On April 24, 2025, the "2025 Smart Power Plant Forum" jointly hosted by the Technology Transfer and Transformation Center of North China Electric Power University, Zhongguancun Huadian Energy and Power Industry Alliance and other units kicked off in Beijing.

At this forum, Beijing Allinby Technology Co., Ltd. participated with its innovative acoustic temperature measurement solution for power plant furnaces and extensive application achievements, and delivered a speech at the conference. Aimed at monitoring the temperature field inside power plant boilers, the solution aims to promote the green and low-carbon transformation of the thermal power industry and contribute to achieving the "double carbon" goals, attracting the attention of many attendees and becoming a highlight of the forum.   In the main venue of the forum in the afternoon, Mr. Ren, Technical Director of Allinby, delivered a keynote speech to the attendees, detailing the company's acoustic-based temperature measurement solution for power plant boilers. He pointed out that with the vigorous development of new energy power generation, thermal power plants often face challenges such as short-term deep peak regulation, long-term low-load combustion, and coal blending.
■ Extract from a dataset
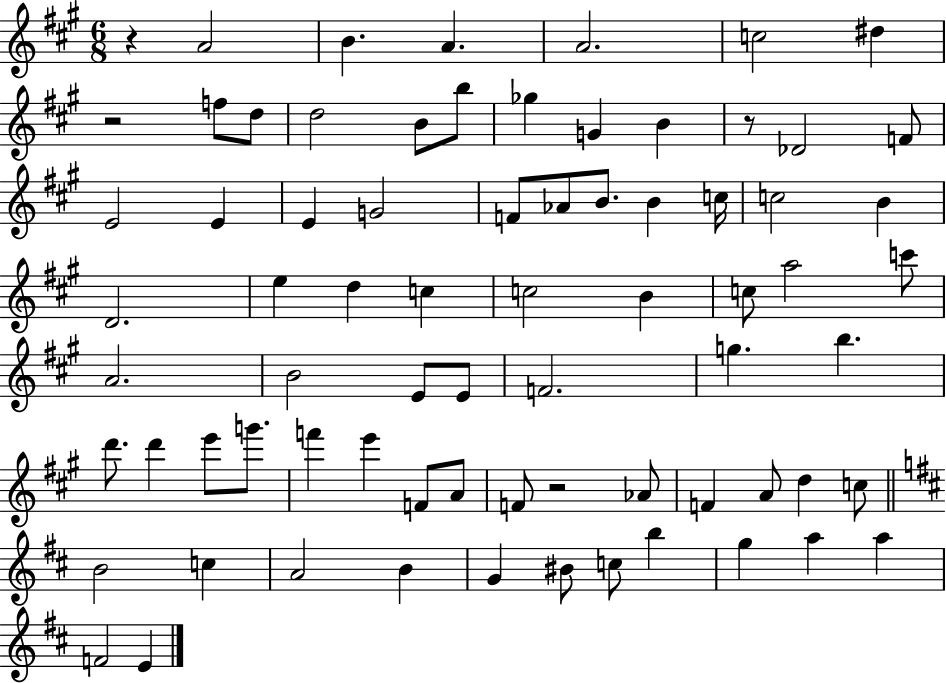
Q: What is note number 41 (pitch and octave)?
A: F4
The acoustic temperature measurement solution can timely and accurately obtain temperature field information inside boilers, thereby better guiding boiler operation and providing a new means for power plants to further reduce energy consumption and emissions while increasing efficiency and reducing costs.

The acoustic temperature measurement solution is based on the functional relationship between sound velocity and medium temperature. By deploying multiple sets of acoustic wave transmitting and receiving devices around the furnace walls of the furnace cross-section, the CT reconstruction technology is used to obtain the two-dimensional temperature field distribution of the temperature measurement plane. The system has a measurement range of -100°C to 2500°C, an accuracy of 1%, a measurement cycle as short as 0.3 seconds for a single path, and is unaffected by furnace vibration, expansion, and particulates. The software system has functions such as image display, data processing, and DCS communication. It can also realize three-dimensional display of the temperature field inside the furnace, facilitate real-time monitoring of the combustion status, provide information on uneven burning and overheating, and historical data tracing. It has self-checking and fault alarm functions and can coordinate with other auxiliary systems for automatic adjustment.